Curioso como tanto Cássia Kiss quanto Caio Blat e Ailton Graça, que atuam no filme, também estavam em "Bróder", que Jeferson De estreou em Paulínia mês passado. "Os Inquilinos" é um filme mais angustiante. Bianchi traz a violência e o estresse da vida moderna para dentro da casa do brasileiro, independente da sua condição social. Qual o limite? Como lidar com pessoas claramente fora do convívio social? Chamar a polícia? Ou será necessário esperar até que eles façam algo realmente errado? A televisão, ligada constantemente, mostra José Luis Datena metralhando seu circo de horrores. A filha de 12 anos de Valter, mulata de olhos verdes, é precocemente sexualizada pela coreografia de danças "funk" que a faz rebolar no meio da rua, atraindo a atenção dos marmanjos. A esposa, diante da aparente letargia do marido, que não quer entrar em conflito com os vizinhos, envolve um irmão mais "esquentado", que planeja uma ação contra os baderneiros.

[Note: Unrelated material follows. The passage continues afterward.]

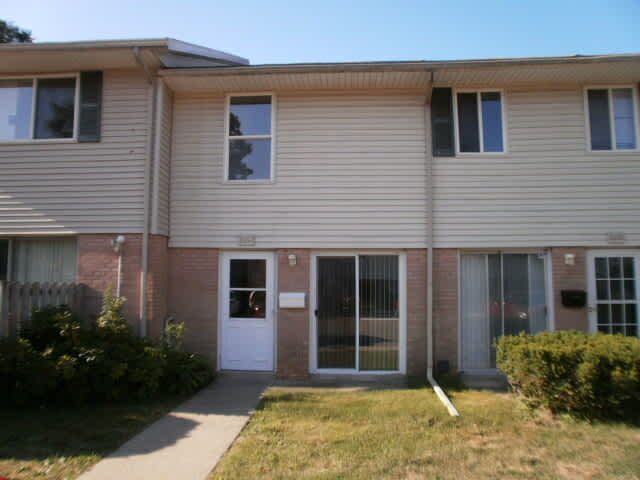 3406 Kenbrooke Court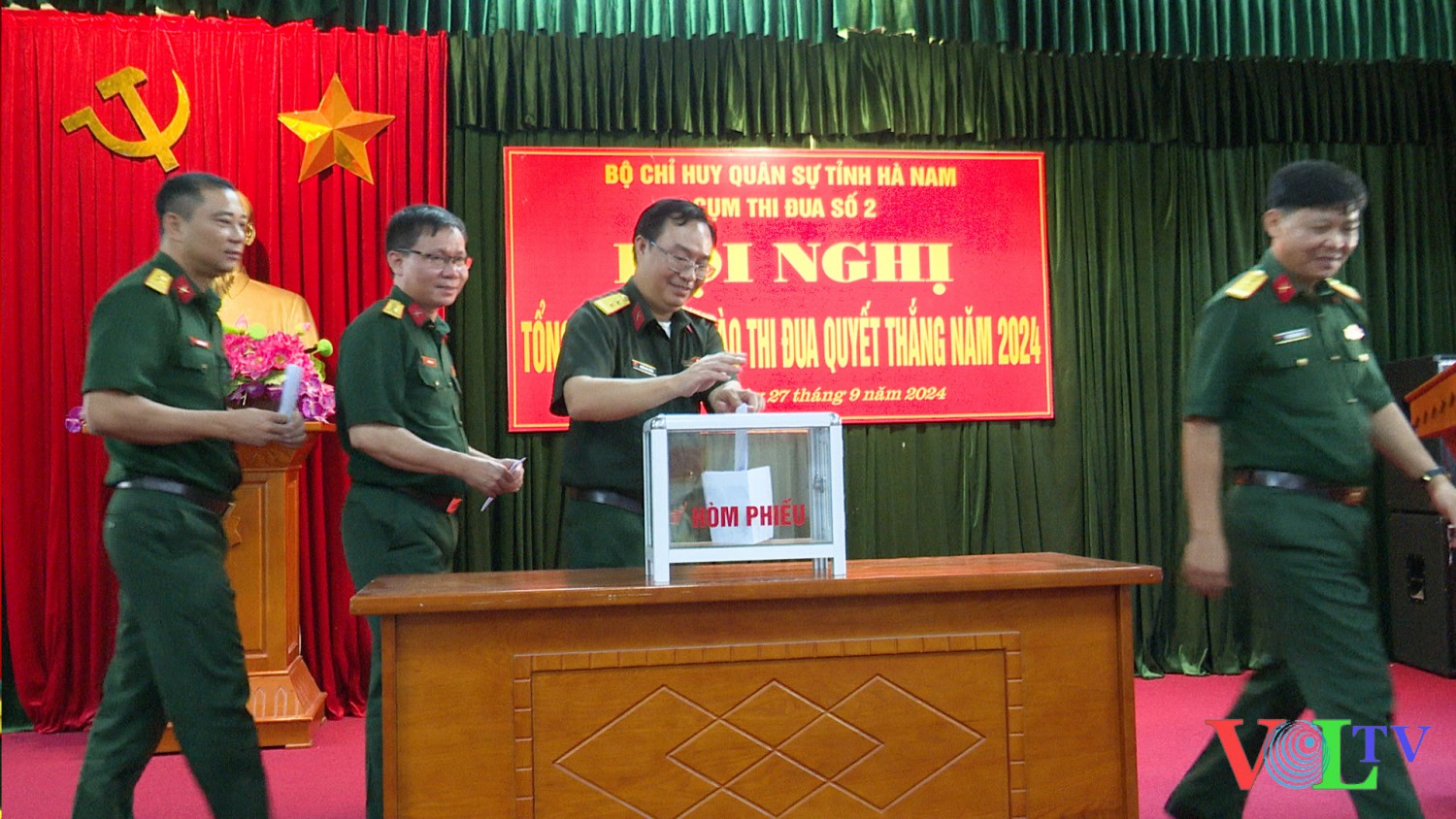 cac-don-vi-quan-su-cac-huyen-thanh-pho-va-thi-xa-bo-phieu-tai-hoi-nghi.anh.van-son.jpg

"Os Inquilinos" é sufocante. Há um plano fantástico que mostra uma senhora carregando uma cadeira e se instalando na calçada para assistir ao "show" do outro lado da rua, quando a história chega ao sangrento final. Ainda assim Bianchi surpreende. Este não é um filme americano, que fatalmente o transformaria em uma cruzada de um homem só, com Valter assumindo a causa da família e enfrentando os bandidos. A vida real é muito mais sutil e cruel. Depois que todo o sangue corre, há um plano que mostra o ponto de vista contrário do adotado durante todo o filme, visto da cozinha de Iara. Valter, à noite, resolve ir ver com os próprios olhos o que aconteceu na casa vizinha, e é surpreendido pelo sorriso cruel e irônico da própria esposa, o observando do outro lado do muro. Será que somos todos espectadores sádicos nesse mundo violento?